[Items from a data source]
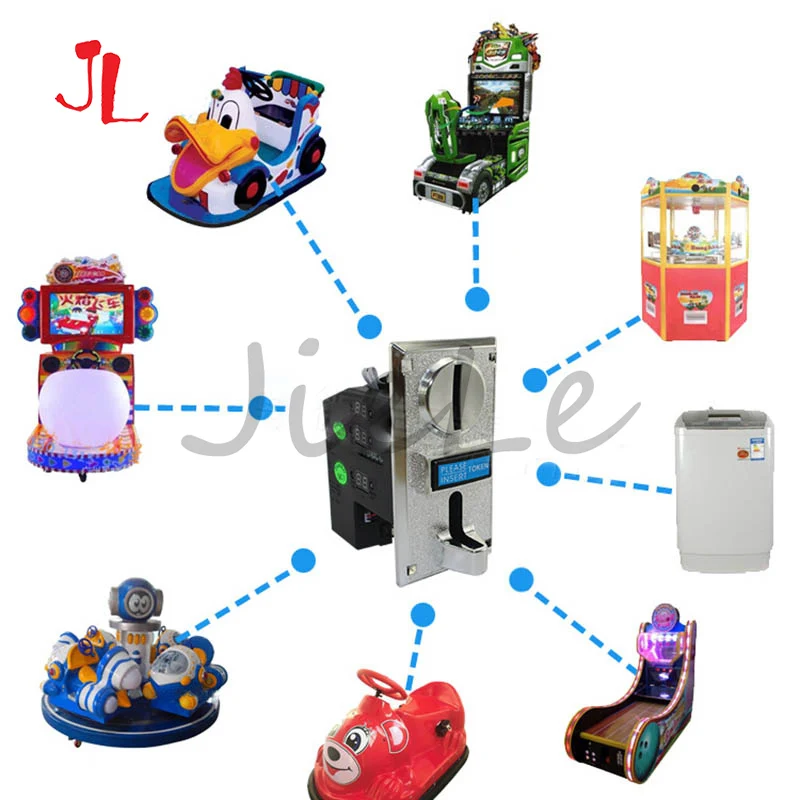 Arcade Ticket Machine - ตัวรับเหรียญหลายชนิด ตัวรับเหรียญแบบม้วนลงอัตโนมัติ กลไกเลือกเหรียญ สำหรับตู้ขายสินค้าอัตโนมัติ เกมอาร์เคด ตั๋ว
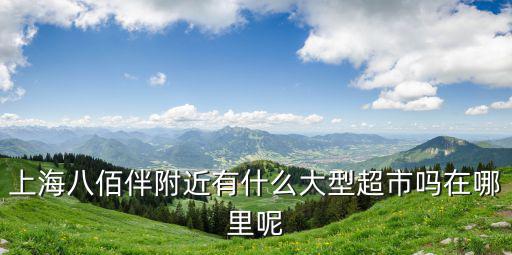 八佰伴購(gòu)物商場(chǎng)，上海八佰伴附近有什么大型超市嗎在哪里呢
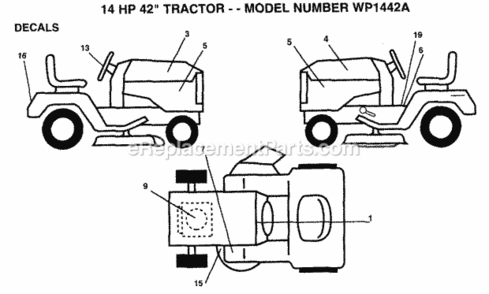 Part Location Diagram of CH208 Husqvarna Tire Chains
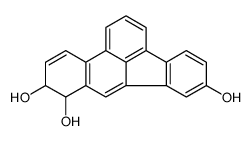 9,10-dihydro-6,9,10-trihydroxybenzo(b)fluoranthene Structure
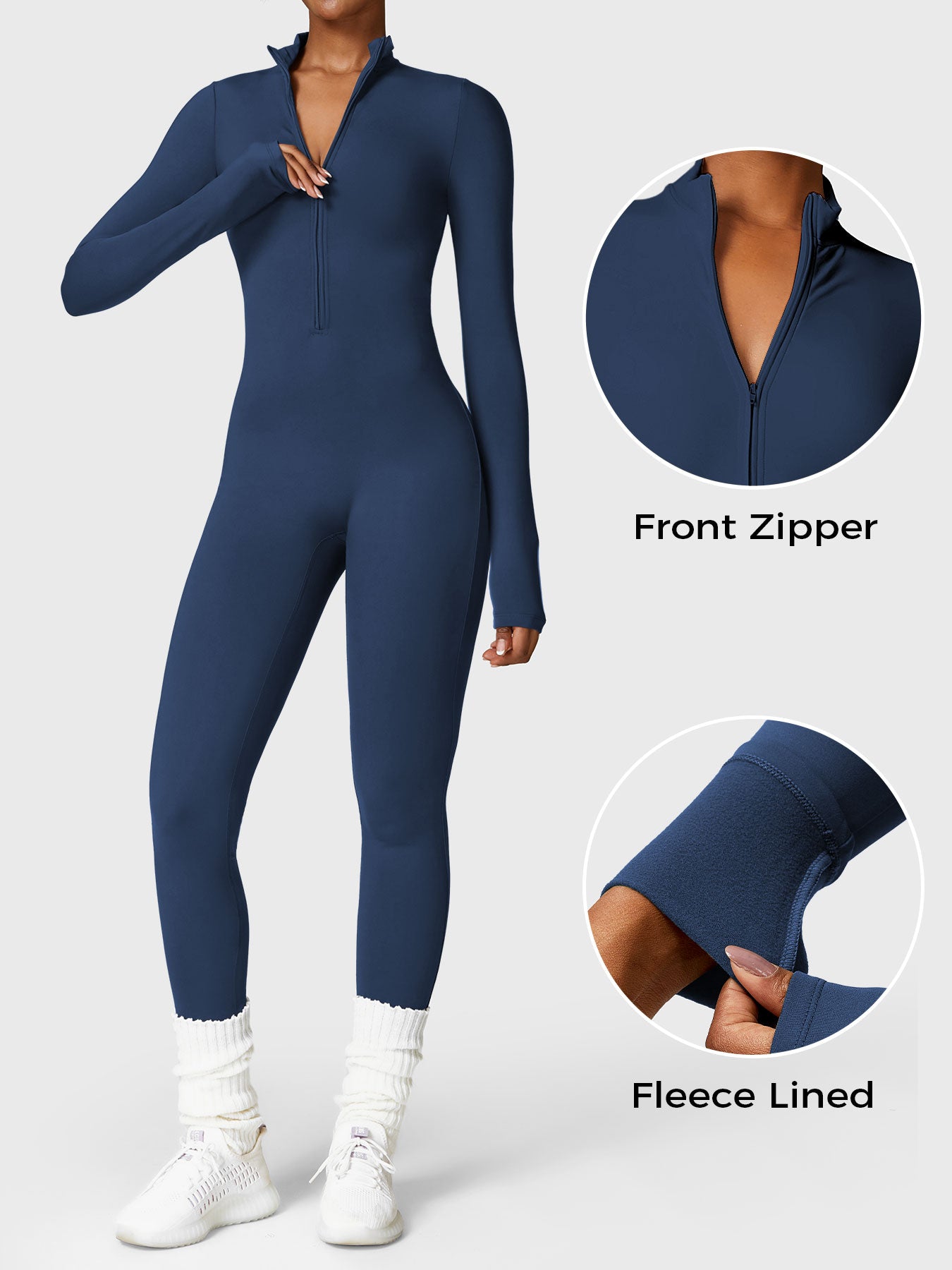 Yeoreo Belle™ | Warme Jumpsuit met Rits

EXERCISE:
Once the pictures are set aside, repeat the data above exactly.

THE ANSWER:
 Arcade Ticket Machine - ตัวรับเหรียญหลายชนิด ตัวรับเหรียญแบบม้วนลงอัตโนมัติ กลไกเลือกเหรียญ สำหรับตู้ขายสินค้าอัตโนมัติ เกมอาร์เคด ตั๋ว
 八佰伴購(gòu)物商場(chǎng)，上海八佰伴附近有什么大型超市嗎在哪里呢
 Part Location Diagram of CH208 Husqvarna Tire Chains
 9,10-dihydro-6,9,10-trihydroxybenzo(b)fluoranthene Structure
 Yeoreo Belle™ | Warme Jumpsuit met Rits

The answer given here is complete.